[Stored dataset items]
════════

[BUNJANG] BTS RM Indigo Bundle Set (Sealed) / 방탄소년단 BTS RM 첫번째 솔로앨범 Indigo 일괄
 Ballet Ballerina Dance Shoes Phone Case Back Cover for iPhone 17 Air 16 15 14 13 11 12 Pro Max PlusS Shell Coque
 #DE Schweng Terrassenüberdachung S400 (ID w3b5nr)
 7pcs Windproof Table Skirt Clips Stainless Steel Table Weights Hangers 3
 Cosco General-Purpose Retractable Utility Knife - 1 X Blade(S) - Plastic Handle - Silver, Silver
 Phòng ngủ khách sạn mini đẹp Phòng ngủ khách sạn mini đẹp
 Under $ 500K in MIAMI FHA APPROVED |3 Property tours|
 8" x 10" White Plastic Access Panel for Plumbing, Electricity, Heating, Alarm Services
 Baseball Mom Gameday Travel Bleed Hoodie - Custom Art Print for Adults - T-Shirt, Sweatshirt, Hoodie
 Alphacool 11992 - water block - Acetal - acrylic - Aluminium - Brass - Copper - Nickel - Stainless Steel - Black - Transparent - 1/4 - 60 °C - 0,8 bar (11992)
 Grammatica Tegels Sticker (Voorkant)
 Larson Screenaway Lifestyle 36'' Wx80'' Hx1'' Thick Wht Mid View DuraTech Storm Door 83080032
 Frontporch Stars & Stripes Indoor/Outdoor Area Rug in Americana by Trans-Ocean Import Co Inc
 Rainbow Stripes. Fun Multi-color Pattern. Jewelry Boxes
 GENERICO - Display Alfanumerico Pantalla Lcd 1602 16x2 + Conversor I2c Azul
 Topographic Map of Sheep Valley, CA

════════

__Assignment__:
Reproduce every single entry above exactly.

__Reply to the exercise__:
[BUNJANG] BTS RM Indigo Bundle Set (Sealed) / 방탄소년단 BTS RM 첫번째 솔로앨범 Indigo 일괄
 Ballet Ballerina Dance Shoes Phone Case Back Cover for iPhone 17 Air 16 15 14 13 11 12 Pro Max PlusS Shell Coque
 #DE Schweng Terrassenüberdachung S400 (ID w3b5nr)
 7pcs Windproof Table Skirt Clips Stainless Steel Table Weights Hangers 3
 Cosco General-Purpose Retractable Utility Knife - 1 X Blade(S) - Plastic Handle - Silver, Silver
 Phòng ngủ khách sạn mini đẹp Phòng ngủ khách sạn mini đẹp
 Under $ 500K in MIAMI FHA APPROVED |3 Property tours|
 8" x 10" White Plastic Access Panel for Plumbing, Electricity, Heating, Alarm Services
 Baseball Mom Gameday Travel Bleed Hoodie - Custom Art Print for Adults - T-Shirt, Sweatshirt, Hoodie
 Alphacool 11992 - water block - Acetal - acrylic - Aluminium - Brass - Copper - Nickel - Stainless Steel - Black - Transparent - 1/4 - 60 °C - 0,8 bar (11992)
 Grammatica Tegels Sticker (Voorkant)
 Larson Screenaway Lifestyle 36'' Wx80'' Hx1'' Thick Wht Mid View DuraTech Storm Door 83080032
 Frontporch Stars & Stripes Indoor/Outdoor Area Rug in Americana by Trans-Ocean Import Co Inc
 Rainbow Stripes. Fun Multi-color Pattern. Jewelry Boxes
 GENERICO - Display Alfanumerico Pantalla Lcd 1602 16x2 + Conversor I2c Azul
 Topographic Map of Sheep Valley, CA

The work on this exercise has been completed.